Really cracking in with the lab chores when you have nothing much on is also a good way to spend your time; it makes sure supplies/glassware is readily available for yourself and others and it’s always a feather in your cap.
It goes without saying that training on any equipment used (such as the autoclaves) should be sought officially.

5) Learn Your Environment
 It sounds like common sense but just taking a few hours or a day to learn where all your vital supplies (pipettes, tips, beakers, Eppendorf tubes etc.) are can save a lot of time and hassle in the long run. Which again leads us onto…

4) Be A Squirrel
 Or at the least, think like a squirrel. If you can’t realistically stash a few abundant supplies away in the lab, at least learn where others stash theirs or the lab’s backup supply. You don’t want to run out of yeast extract halfway through making some media for example.

3) Time Management
 Yeah, you could go grab a cup of tea while your gels are running…or you could start setting up your next experiment. It could save you your dinner break.
For example I’ve started to make and sterilise my media on an evening so that it’s sterile and ready for use in the morning. As a thorough autoclave cycle for, say, agar is 120 degrees for 30 minute cycles, this can save you a good two hours twiddling your thumbs in the morning. In the long run it can mean the difference of finishing at 5 or finishing at 7.
(And I know what you’re thinking; yes the agar will solidify overnight in the bottle but a quick autoclave or microwave in the morning will sort it out, just remember to loosen the lid so that it doesn’t explode).

2) Know the Experts
 Everyone in the lab will be particularly good at one thing or another. Simon is a whizz at protein purification. Sarah can avoid contamination like a freckly kid avoids sunlight. John has never had a PCR fail (don’t believe him).
Whoever they are, and whatever they’re good at, it’s always worth it to note who knows what in your lab. That way, when you run into trouble or issues yourself, you know who to buy a cheeky pint for in exchange for some advice.

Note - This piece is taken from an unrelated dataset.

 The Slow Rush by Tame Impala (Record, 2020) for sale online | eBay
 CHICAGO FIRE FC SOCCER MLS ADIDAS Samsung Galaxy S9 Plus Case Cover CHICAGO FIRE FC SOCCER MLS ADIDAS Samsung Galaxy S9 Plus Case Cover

And lastly, I think the best tip I can give anyone starting work in a lab…

1) Murphy’s Law
 What can go wrong, will go wrong. Your experiments will fail. PCR’s will give blank/confusing results. Purified enzymes will go off faster than a kebab left in a gym bag.
Experiments will fail, it’s unavoidable but the quicker you accept it, the easier things will become. Yes, a good rant now and again is carthargic and perfectly natural, I’m not saying you have to become the Dalai Llama but why not turn these negatives and failures into opportunities to learn the minutiae and quirks of the procedures, what works and what doesn’t. In the long run, it’s this hands-on experience that marks a veteran scientist and this is only gained over time, trial and error.

And there you have it. My top 11 tips for those who are thinking of or are starting work in a lab. I know that many of these sound very specific to microbiology, a lot of them can be applied to a range of biomedical disciplines and fields. So I hope you’ve learnt a thing or two today, and are raring to go. Go get ‘em!